Le territoire de Saguenay compte six dépôts à neige, soit quatre à Jonquière, un à Chicoutimi et un à La Baie. Dans un hiver moyen, 50 000 voyages de neige y sont amenés pour un total de 1,5 million de mètres cubes. La superficie de neige représente 23 fois le Centre Georges-vézina, et si on mettait tous les camions qui s’y déplacent bout à bout, ils s’étireraient sur 625 kilomètres.

« Les dépôts sont des zones dangereuses parce qu’il y a des risques d’avalanche. Les opérateurs sont tous formés.
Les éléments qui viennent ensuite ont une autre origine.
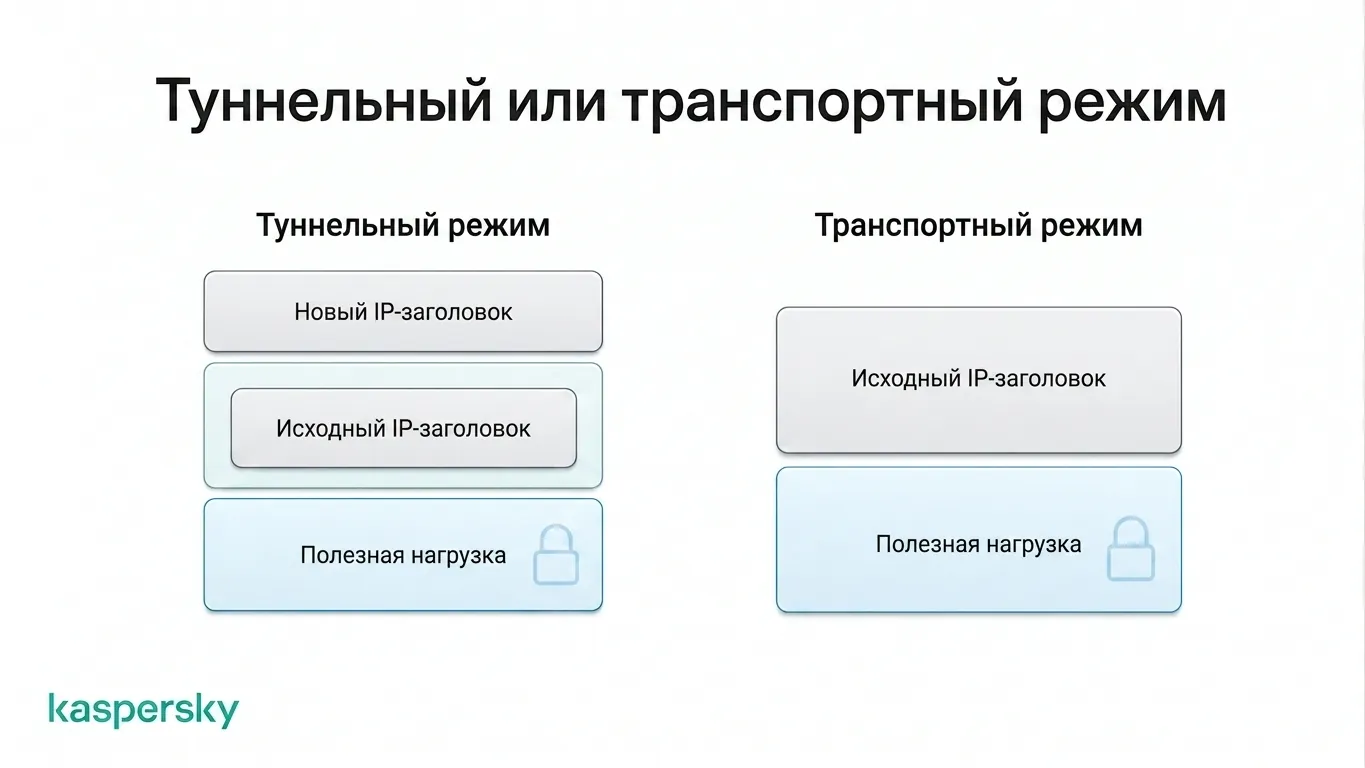 IPsec в режиме туннелирования защищает исходный IP пакет, тогда как транспортный режим защищает полезную нагрузку, но оставляет IP заголовок видимым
Même le jet puissant des souffleurs est très dangereux », prévient M. Séguin, ajoutant que la neige n’a pas toujours le temps de fondre pendant l’été !

Environ 130 équipements lourds sont affectés au déneigement, que ce soit des niveleuses, des chargeurs sur pneus, des camions de déneigement, des chenillettes, des bouteurs, des rétrocaveuses ou des pelles hydrauliques.
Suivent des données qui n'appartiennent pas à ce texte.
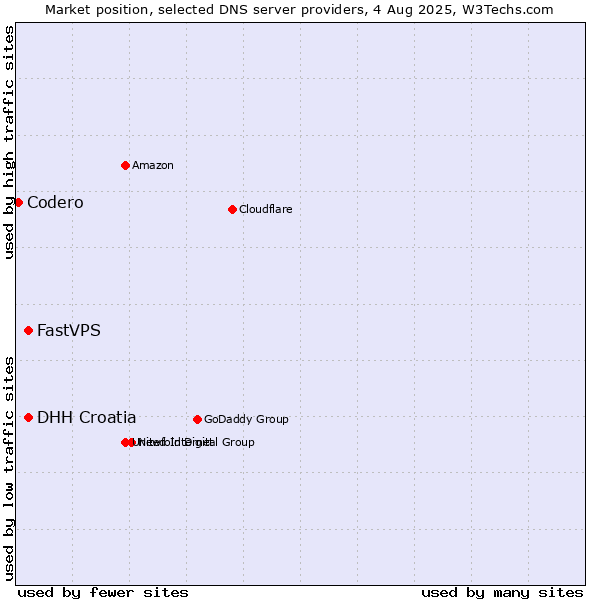 Market position of DHH Croatia vs. FastVPS vs. Codero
UNE PREMIÈRE EXPÉRIENCE À RÉPÉTER

Le fait d’ouvrir ainsi les portes d’un service était une première à Saguenay. Le conseiller aux relations médias et numériques, Dominic Arseneau, aimerait répéter l’expérience.

« Ce qu’on a voulu faire, c’est lever les rideaux et montrer les coulisses de la Ville. Montrer que le déneigement, ce n’est pas juste un camion qui va sortir quand il neige, c’est un travail à temps plein tout au long de l’hiver. Dès le moment où les temps froids arrivent et qu’on commence à avoir de la neige dans les prévisions météo, il faut commencer à préparer l’équipement, les ressources humaines et le processus. On espère qu’après avoir fait une aussi longue présentation, d’être allés aussi loin dans les détails, que ça va donner une meilleure compréhension du travail et aussi peut-être une meilleure appréciation du travail de tous les opérateurs de déneigement qui travaillent 24 heures sur 24 dans des conditions pas forcément évidentes pour que tout le monde circule en sécurité », a-t-il dit.